In recent months, a new infrastructure for cyber-operations has begun to take shape in the United States, one in which automated agents are no longer auxiliary tools but full-fledged participants in offensive campaigns. Amid intensifying strategic competition with China and the rapid expansion of autonomous capabilities, Washington is investing heavily in technologies that broaden the scale of attacks and shrink operational lead times, moving toward the concept of multithreaded, AI-driven intrusion. At the center of this initiative stands a little-known company called Twenty, based in Arlington, which has already secured multiple contracts with U.S. military agencies.

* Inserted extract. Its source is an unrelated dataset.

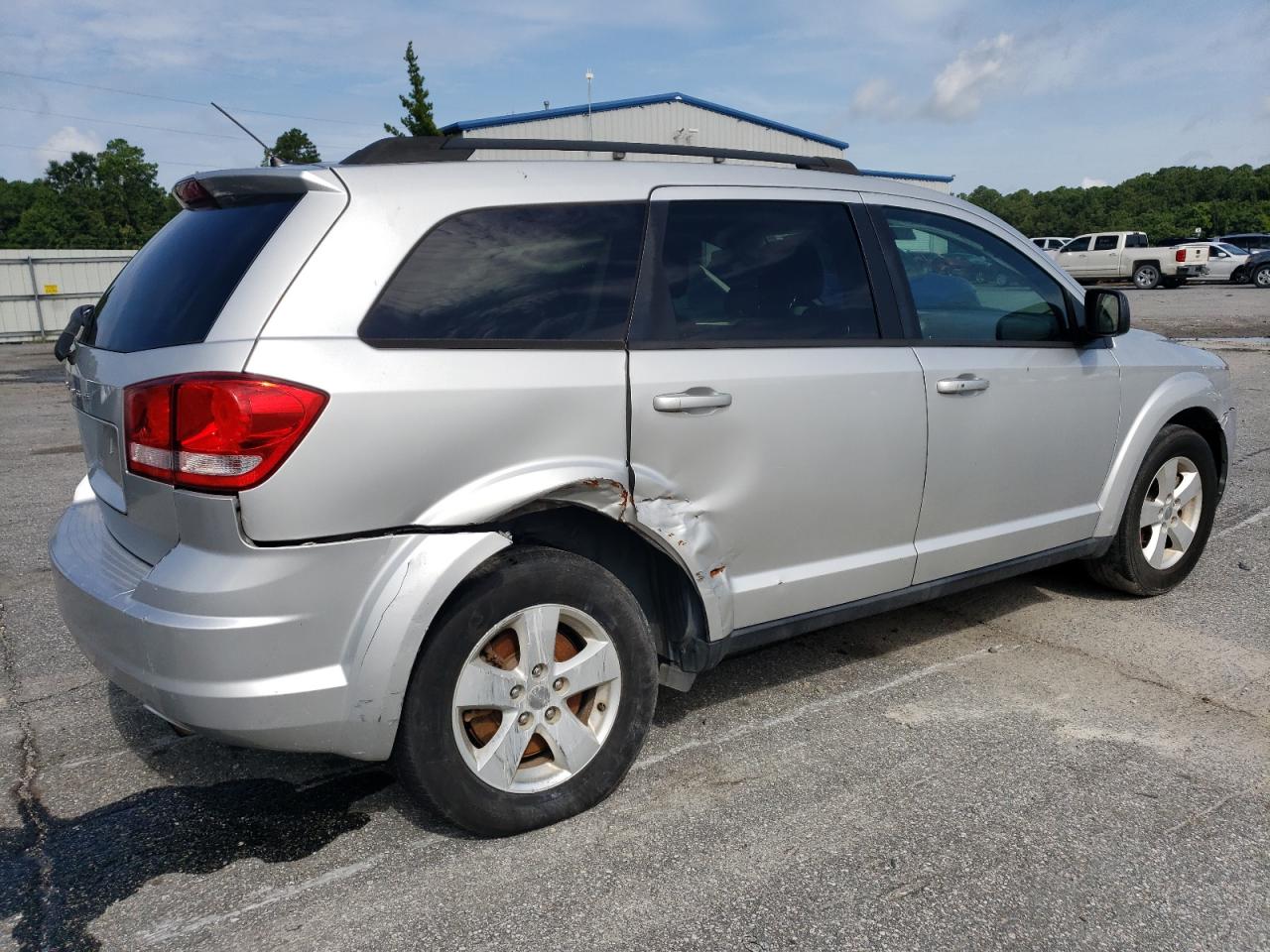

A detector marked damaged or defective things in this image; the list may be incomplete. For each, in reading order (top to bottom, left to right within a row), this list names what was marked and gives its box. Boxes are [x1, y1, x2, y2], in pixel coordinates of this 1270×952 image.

Although still operating in a semi-stealth mode, the firm has signed an agreement with U.S. Cyber Command worth up to $12.6 million, alongside a separate research contract with the Navy valued at $240,000. The fact that a venture-backed startup is receiving funding for offensive technologies distinguishes it from the traditional contractors that typically dominate this sphere. Twenty is also supported by entities tied to the intelligence community: its investors include In-Q-Tel — the venture arm established with CIA involvement — as well as private funds specializing in high-risk technological ventures.
According to Twenty’s website, the company builds automation tools that convert labor-intensive offensive procedures from manual workflows into continuous, parallelized operations executed simultaneously against a large set of targets. Its phrasing suggests systems engineered to autonomously identify vulnerabilities, prepare intrusion scenarios, and launch chains of attacks with minimal human involvement. Such an approach effectively turns offensive operations into a perpetual conveyor, with hundreds of addresses and services processed at once.
The company’s job postings reveal even more. Requirements for a director of offensive research include developing new methods of penetrating adversary networks, designing structures that model attack pathways, and creating automated exploitation systems built atop AI models. Engineers sought by Twenty are expected to work with tools that orchestrate multiple AI agents, including emerging open-source frameworks for coordinating groups of autonomous assistants. Other listings reference the creation of realistic digital personas designed to participate in social-engineering campaigns and infiltrate online communities or closed communication channels — a long-standing tactic employed by state agencies to gain access to hostile networks without direct technical intrusion.
Twenty’s team is composed of individuals with extensive experience in U.S. military and intelligence institutions. The company’s chief executive served in the Navy Reserve and worked on security products at a major American firm after its acquisition of a startup specializing in national-security network mapping. The chief technology officer focused on network-exposure analysis and previously served in Army signals-intelligence units. The head of engineering spent more than a decade at U.S. Cyber Command and in Army cyber divisions, while the director of government engagement worked on Capitol Hill and later joined the National Security Council’s transition team.
The United States is not the only country using AI models for intelligence and cyber-operational tasks. A recent report by Anthropic found that Chinese threat groups deploy models to prepare attacks, enabling autonomous agents to perform much of the routine groundwork — from infrastructure reconnaissance to crafting exploitation strategies. These systems dramatically reduce the time needed to plan complex operations and accelerate the discovery of weaknesses in the networks of rival states.
The Pentagon has also signed agreements worth up to $200 million each with OpenAI, Anthropic, and xAI, though the contents of these projects remain undisclosed. It is unknown whether these companies’ technologies are being adapted for offensive use. Given their access to models and infrastructure, such a scenario cannot be ruled out, especially amid mounting pressure from China.
In the broader context, the startup Twenty should be viewed alongside firms like Two Six Technologies, which has spent years developing an automation platform for offensive campaigns known as IKE. That system allows an autonomous module to green-light an attack once the probability of success passes a defined threshold. Although the total funding for IKE has reached $190 million, there is no indication it can execute parallel operations against hundreds of targets on the scale advertised by Twenty.
On the defensive side, the use of models is far more widespread. For example, the Israeli company Tenzai adapts AI models to search for vulnerabilities in corporate software. Its tools simulate attacks, not to compromise systems but to assess their resilience.
The emergence of automated, offensive-capable architectures is reshaping the landscape of cyber conflict. With technologies designed for broad, parallelized impact on adversary infrastructure, offensive operations become faster and vastly more expansive. Based on current contracts, the United States clearly aims to secure a decisive advantage in this domain — leveraging a coalition of major corporations, venture investors, intelligence resources, and agile startups building systems optimized for multithreaded, automated campaigns.